(Web page caption snippets)
--*--
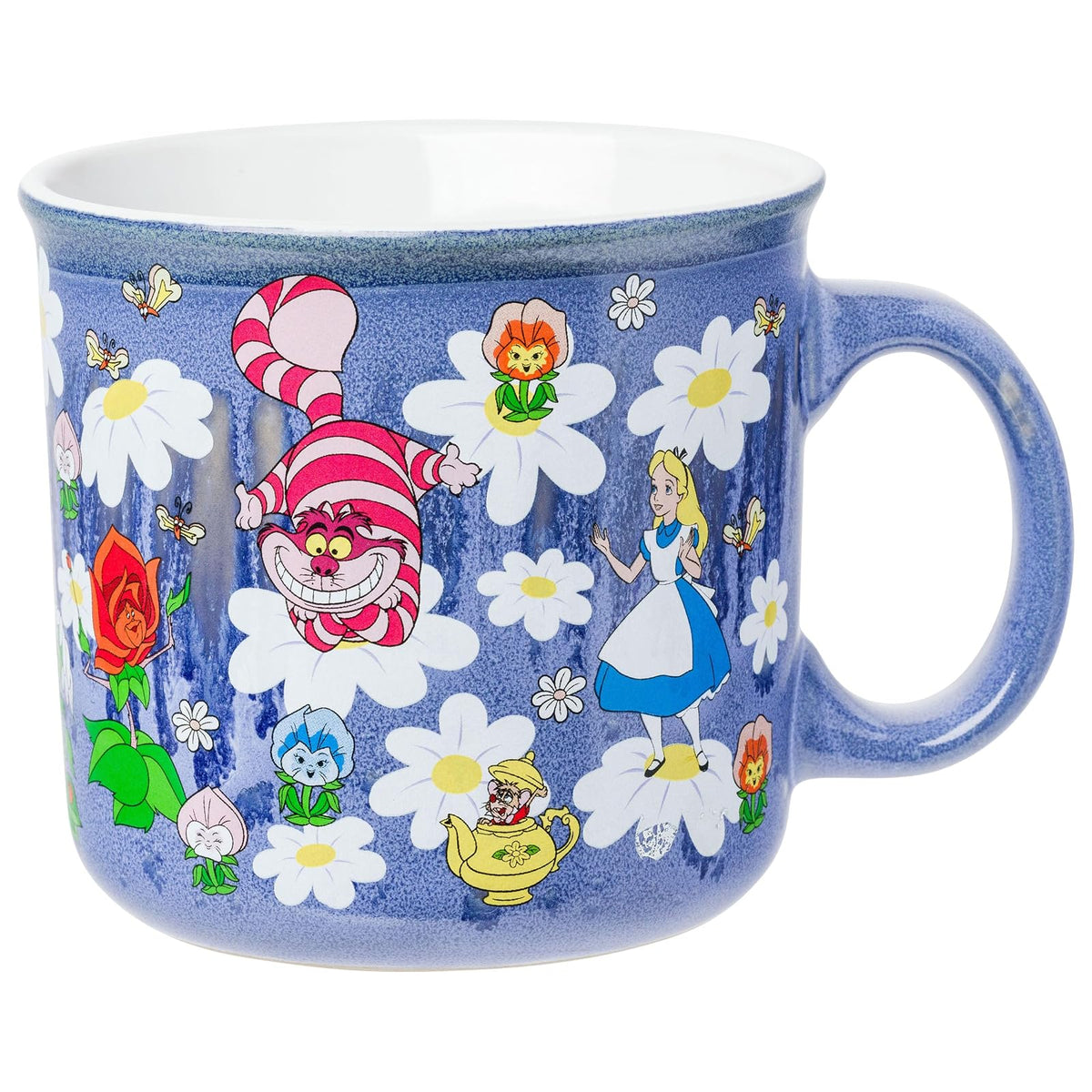 Silver Buffalo Disney Alicia en el país de las maravillas con gato Cheshire, sombrerero loco, conejo blanco y más esmaltado reactivo, taza de cerámica campista de 20 onzas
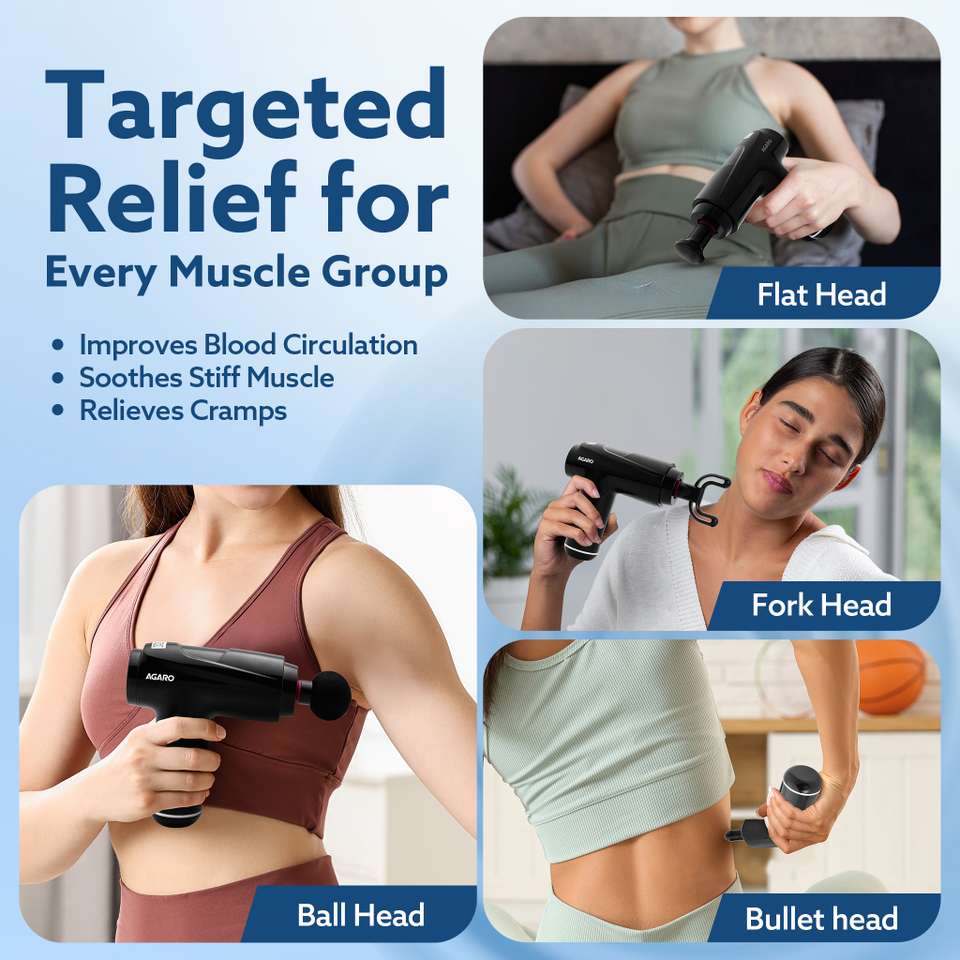 AGARO Primo Gun Massager 4 Heads 6 Speed - Image 8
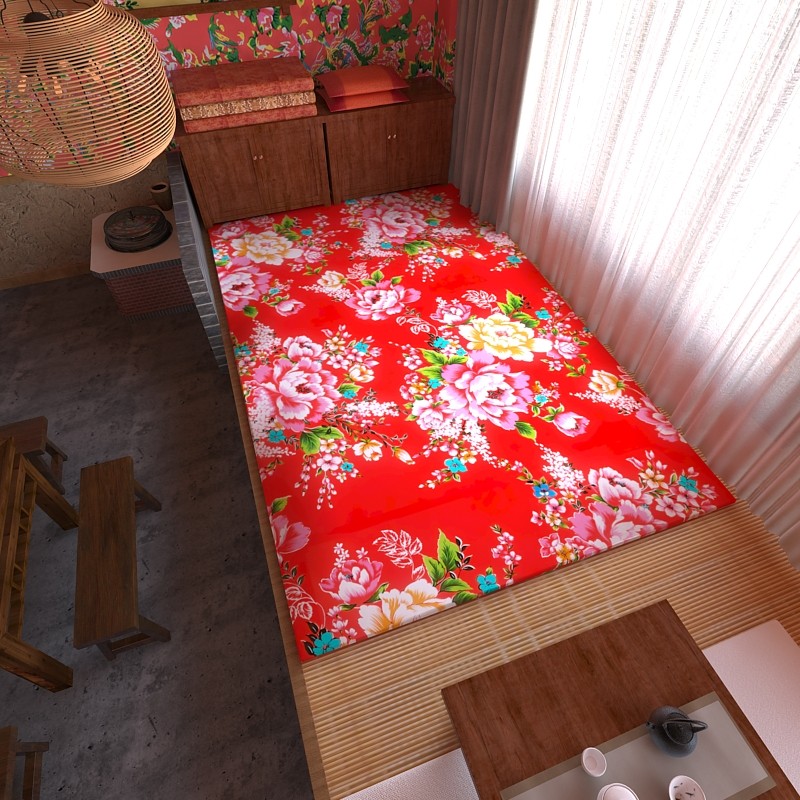 东北大花布地毯新年春节欢庆家用卧室客厅火炕垫子仿羊绒毛地毯垫,居家布艺,地毯,淘宝优惠券,粉丝福利购,淘宝优惠卷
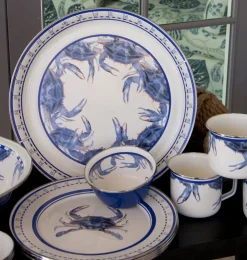 Golden Rabbit Dinnerware|Large Tray in Blue Crab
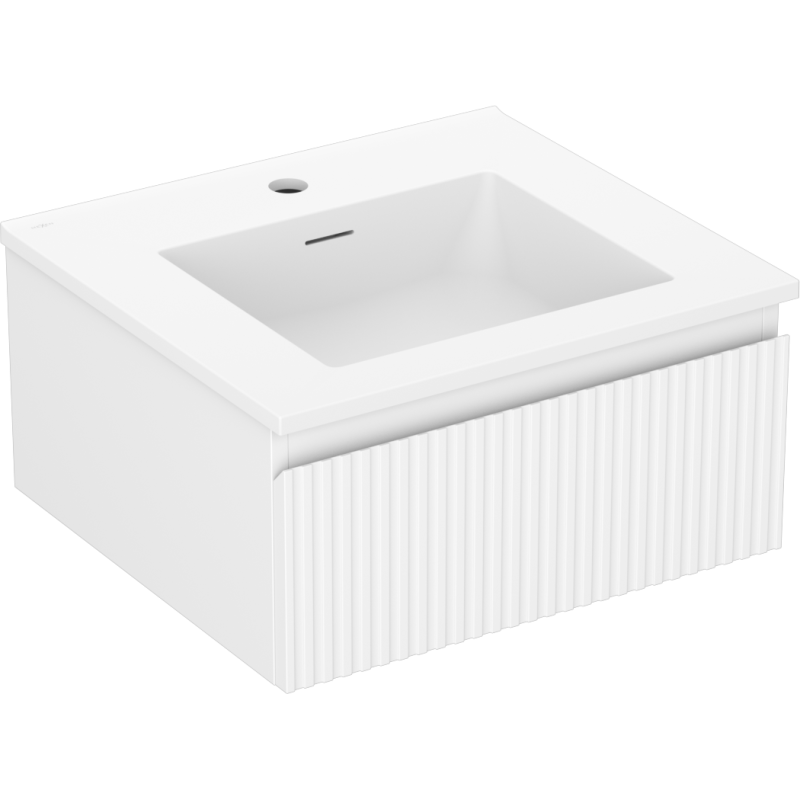 Mexen Rivel kúpeľňová skrinka 50 cm s umývadlom Otis, 1 zásuvkou, drážkovaná, biela matná - 91A20-05023-1-BF01-W18M01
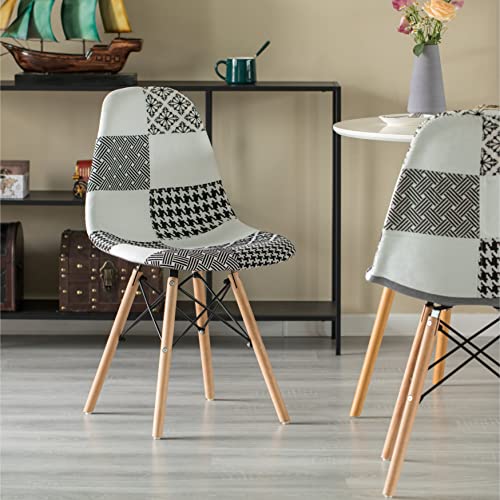 Modern Fabric Patchwork Chair With Wooden Legs For Kitchen, Dining Room, Entryway, Living Room, Single #TOP4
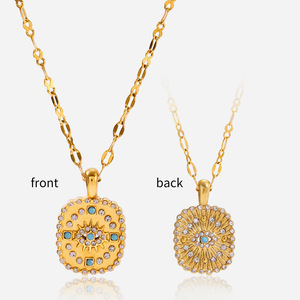 Fashion Pendant Necklace Stainless Steel Turquoise Eye <b>Design</b> Geometric <b>Star</b> Pattern Clavicle Chain Gift Jewelry - Product Image 1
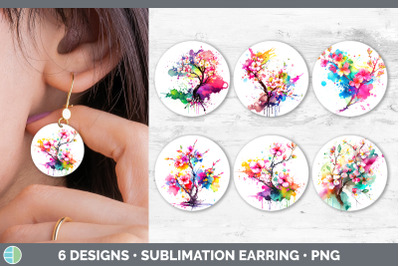 Rainbow Cherry Blossom Flowers Round Earrings | Sublimation Earrings D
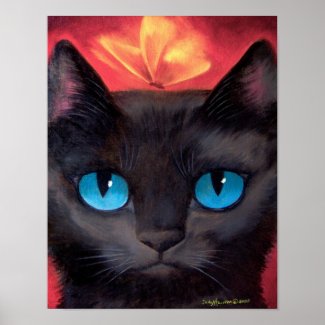 Black Cat Butterfly Painting - Poster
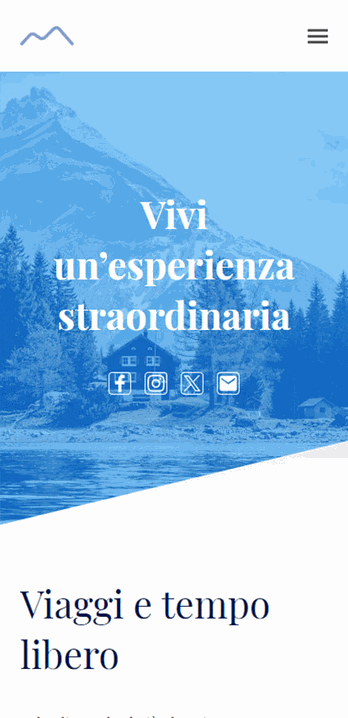 Sito web viaggi con titolo "Vivi un'esperienza straordinaria", panorama montano invernale con abeti e vette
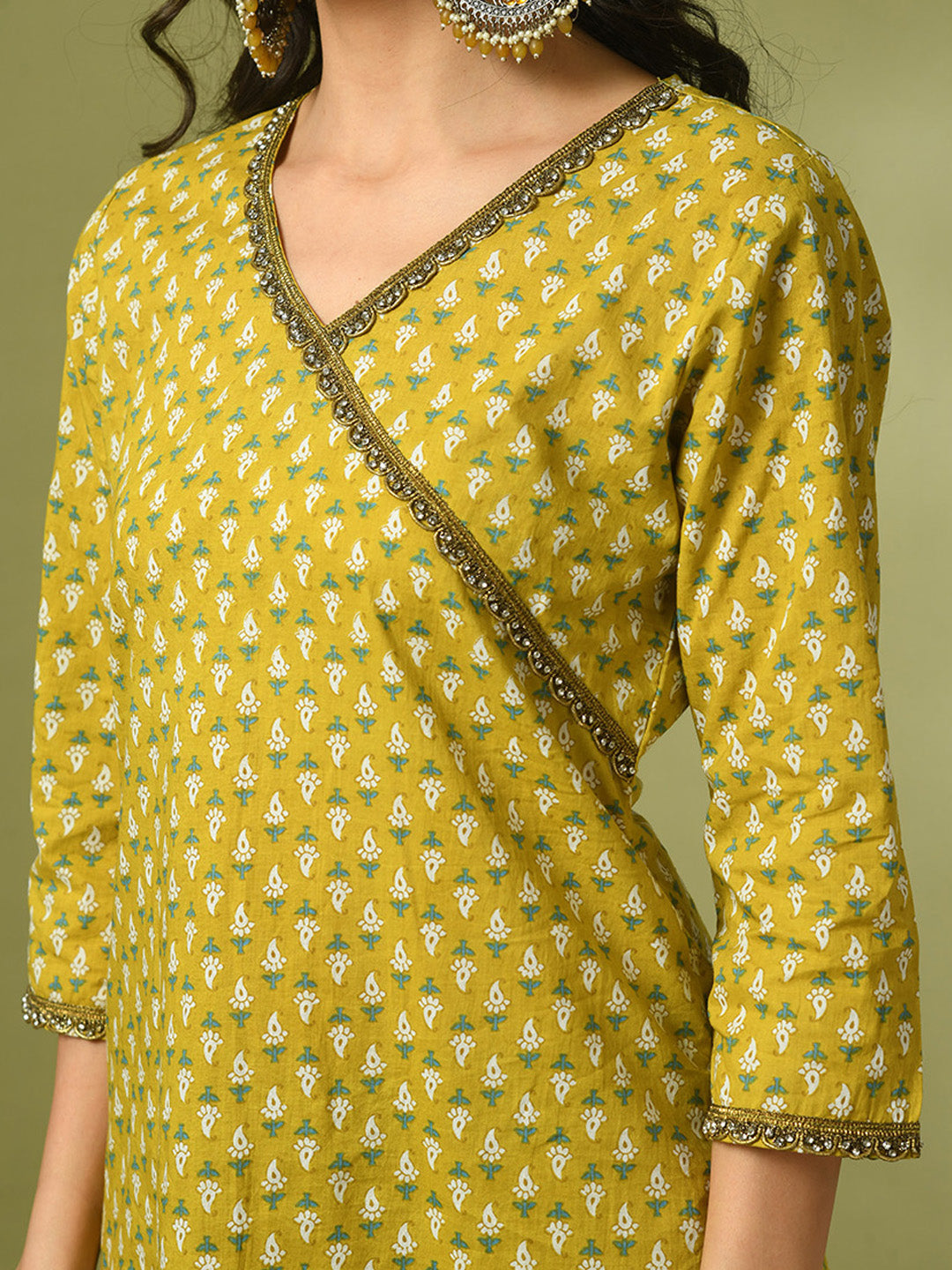 Women's  Yellow Printed Cotton Straight Party Kurta Sets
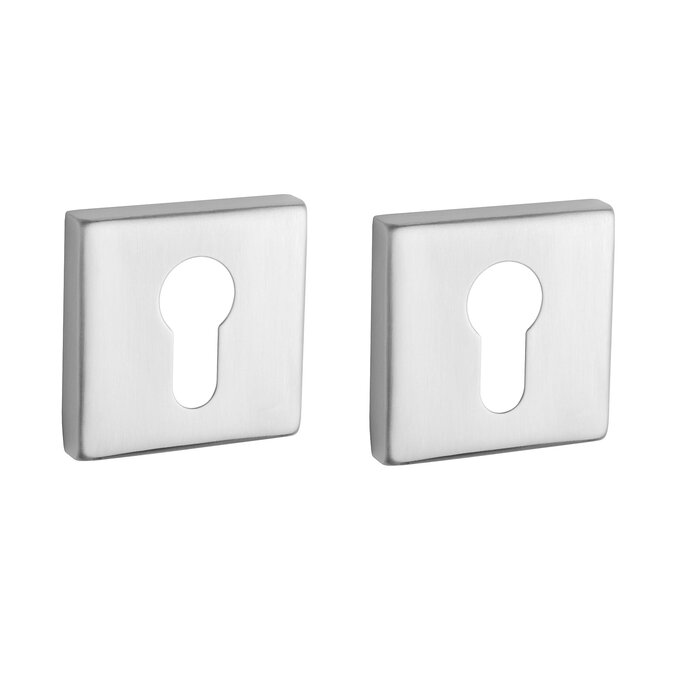 STERK Paar RVS cilinderplaatjes 1711 KVADRAT 9 mm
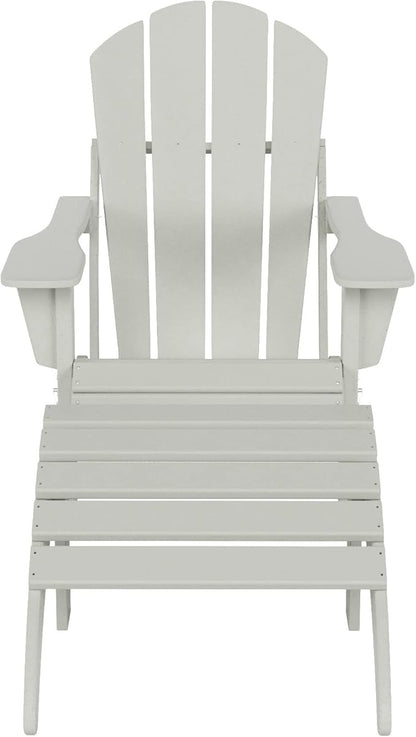 WestinTrends Malibu Outdoor Lounge Chair, 2-Pieces Adirondack Chair Set with Ottoman, All Weather Poly Lumber Patio Lawn Folding Chairs for Outside Pool Garden Backyard Beach, Sand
--*--
* [Exercise directions]: What is needed is every record above printed exactly, with no pictures.

* [Answer area]:
 Silver Buffalo Disney Alicia en el país de las maravillas con gato Cheshire, sombrerero loco, conejo blanco y más esmaltado reactivo, taza de cerámica campista de 20 onzas
 AGARO Primo Gun Massager 4 Heads 6 Speed - Image 8
 东北大花布地毯新年春节欢庆家用卧室客厅火炕垫子仿羊绒毛地毯垫,居家布艺,地毯,淘宝优惠券,粉丝福利购,淘宝优惠卷
 Golden Rabbit Dinnerware|Large Tray in Blue Crab
 Mexen Rivel kúpeľňová skrinka 50 cm s umývadlom Otis, 1 zásuvkou, drážkovaná, biela matná - 91A20-05023-1-BF01-W18M01
 Modern Fabric Patchwork Chair With Wooden Legs For Kitchen, Dining Room, Entryway, Living Room, Single #TOP4
 Fashion Pendant Necklace Stainless Steel Turquoise Eye <b>Design</b> Geometric <b>Star</b> Pattern Clavicle Chain Gift Jewelry - Product Image 1
 Rainbow Cherry Blossom Flowers Round Earrings | Sublimation Earrings D
 Black Cat Butterfly Painting - Poster
 Sito web viaggi con titolo "Vivi un'esperienza straordinaria", panorama montano invernale con abeti e vette
 Women's  Yellow Printed Cotton Straight Party Kurta Sets
 STERK Paar RVS cilinderplaatjes 1711 KVADRAT 9 mm
 WestinTrends Malibu Outdoor Lounge Chair, 2-Pieces Adirondack Chair Set with Ottoman, All Weather Poly Lumber Patio Lawn Folding Chairs for Outside Pool Garden Backyard Beach, Sand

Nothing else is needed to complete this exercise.